| RECORD SET |
◆ ◆ ◆ ◆ ◆

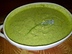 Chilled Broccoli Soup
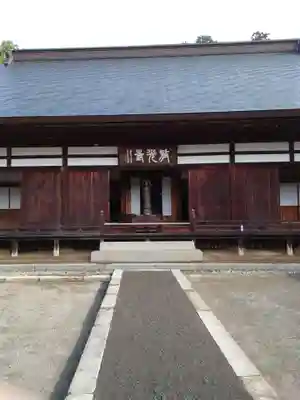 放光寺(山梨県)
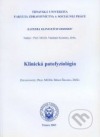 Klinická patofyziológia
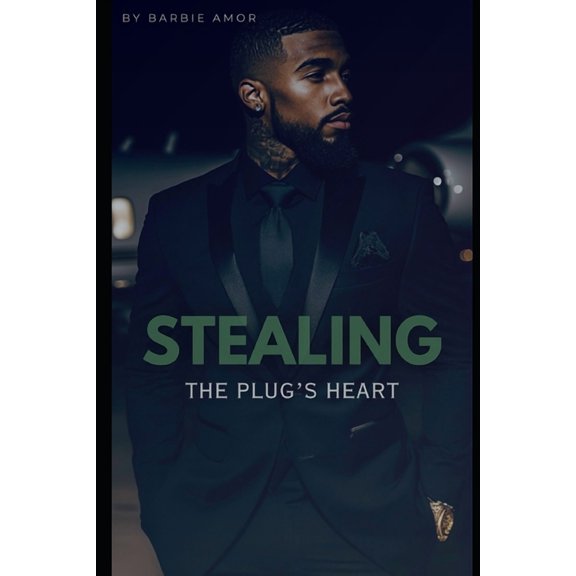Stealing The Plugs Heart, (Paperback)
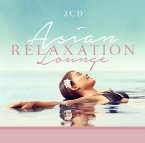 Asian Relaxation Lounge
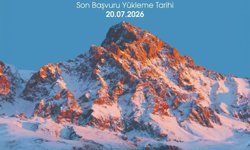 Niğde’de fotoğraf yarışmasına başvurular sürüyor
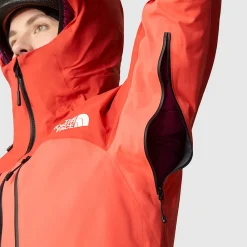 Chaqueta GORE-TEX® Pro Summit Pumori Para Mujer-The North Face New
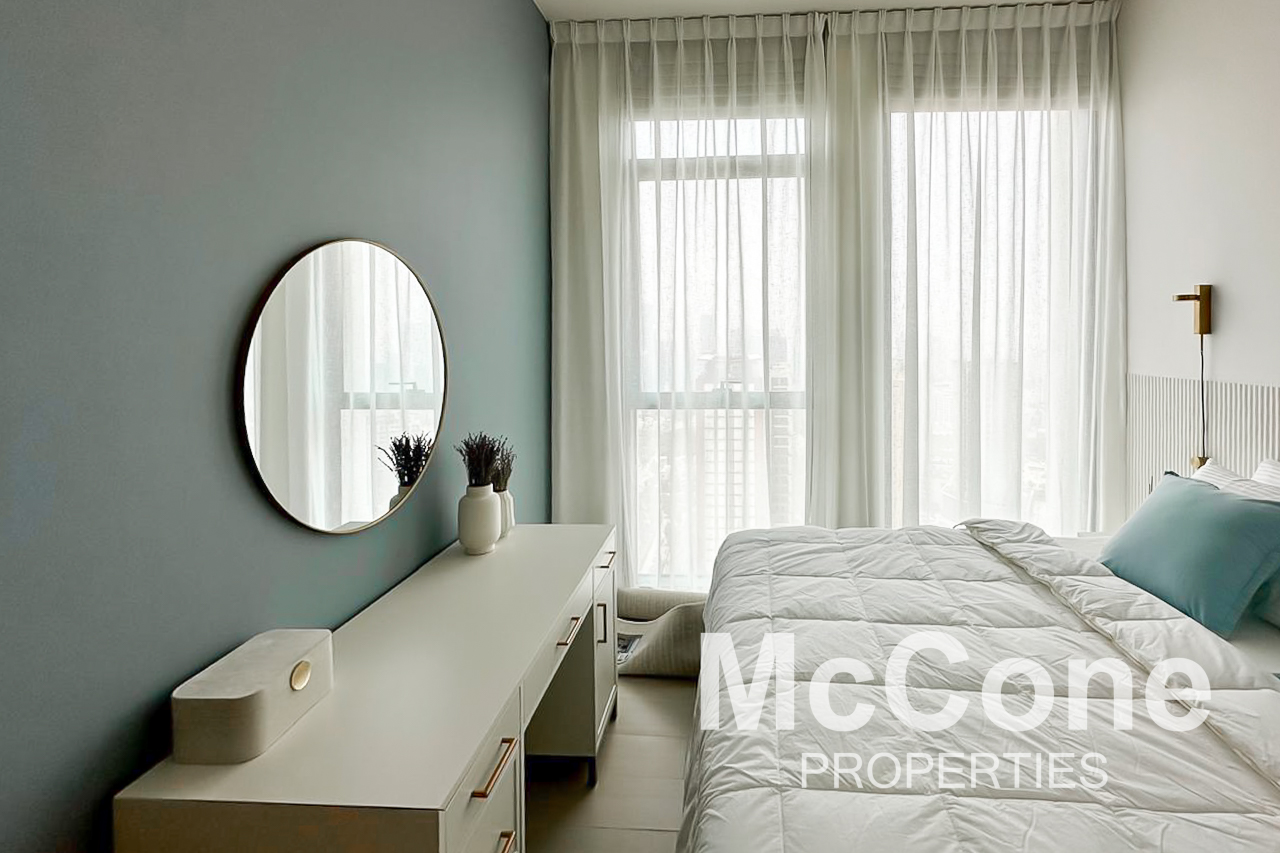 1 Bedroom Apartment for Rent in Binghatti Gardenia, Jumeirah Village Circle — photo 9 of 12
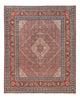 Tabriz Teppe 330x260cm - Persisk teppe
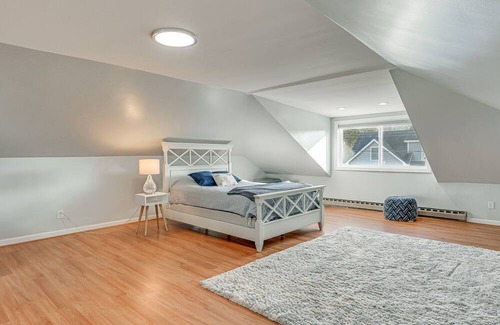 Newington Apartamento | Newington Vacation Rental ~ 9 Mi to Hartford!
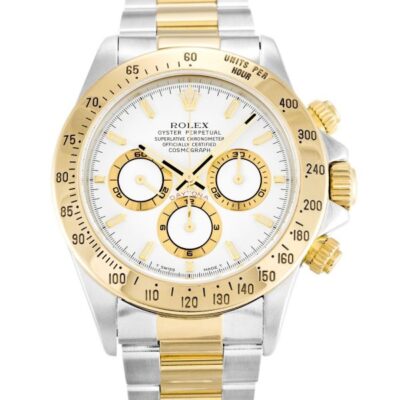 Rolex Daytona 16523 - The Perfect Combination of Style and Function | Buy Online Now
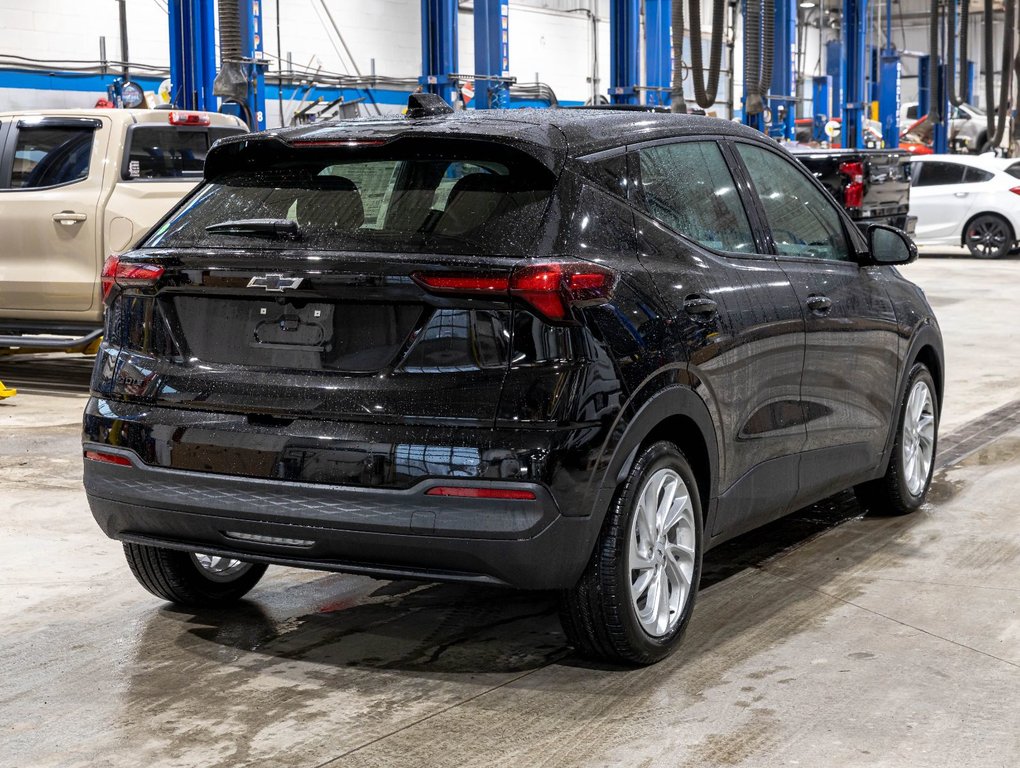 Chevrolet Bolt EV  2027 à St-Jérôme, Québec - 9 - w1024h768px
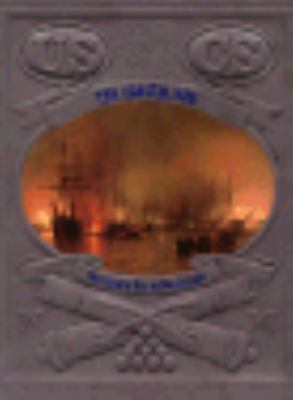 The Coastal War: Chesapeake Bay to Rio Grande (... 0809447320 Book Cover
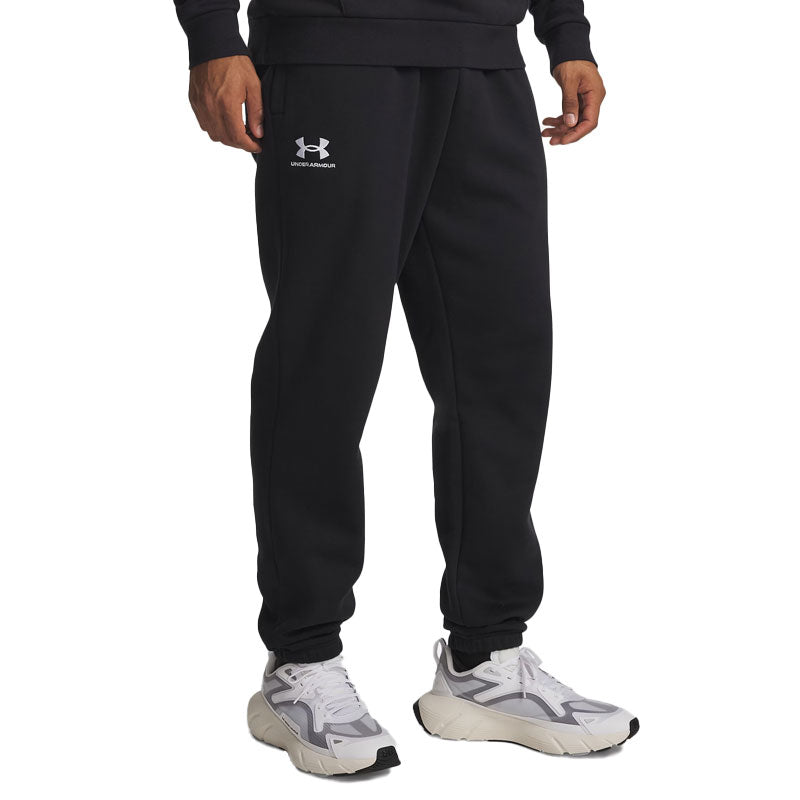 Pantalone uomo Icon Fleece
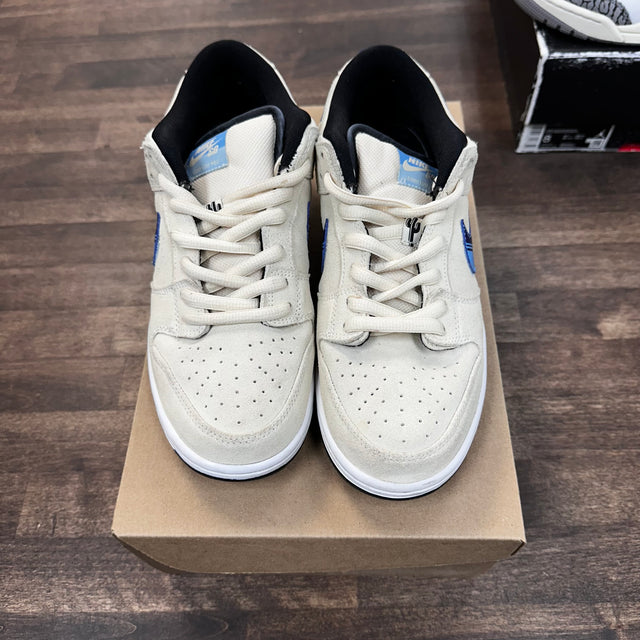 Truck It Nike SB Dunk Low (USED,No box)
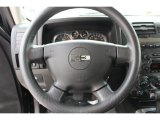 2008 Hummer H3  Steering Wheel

◆ ◆ ◆ ◆ ◆

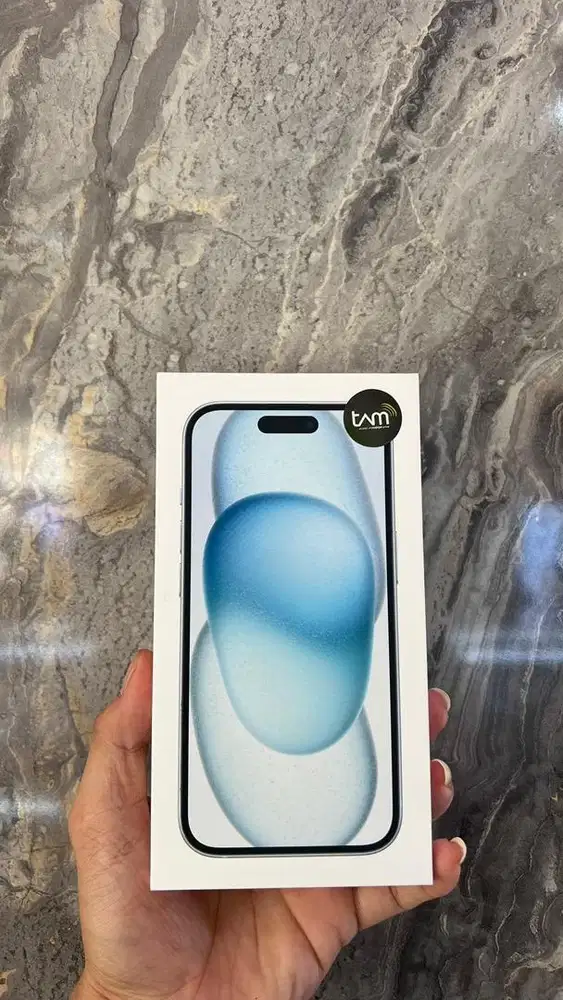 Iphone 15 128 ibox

◆ ◆ ◆ ◆ ◆

Within the listing above, copy exactly the lines that start at the one with "Chilled Broccoli Soup" and continue through the one with "2008 Hummer H3". Omit pictures.

| FINAL ANSWER |
 Chilled Broccoli Soup
 放光寺(山梨県)
 Klinická patofyziológia
Stealing The Plugs Heart, (Paperback)
 Asian Relaxation Lounge
 Niğde’de fotoğraf yarışmasına başvurular sürüyor
 Chaqueta GORE-TEX® Pro Summit Pumori Para Mujer-The North Face New
 1 Bedroom Apartment for Rent in Binghatti Gardenia, Jumeirah Village Circle — photo 9 of 12
 Tabriz Teppe 330x260cm - Persisk teppe
 Newington Apartamento | Newington Vacation Rental ~ 9 Mi to Hartford!
 Rolex Daytona 16523 - The Perfect Combination of Style and Function | Buy Online Now
 Chevrolet Bolt EV  2027 à St-Jérôme, Québec - 9 - w1024h768px
 The Coastal War: Chesapeake Bay to Rio Grande (... 0809447320 Book Cover
 Pantalone uomo Icon Fleece
 Truck It Nike SB Dunk Low (USED,No box)
 2008 Hummer H3  Steering Wheel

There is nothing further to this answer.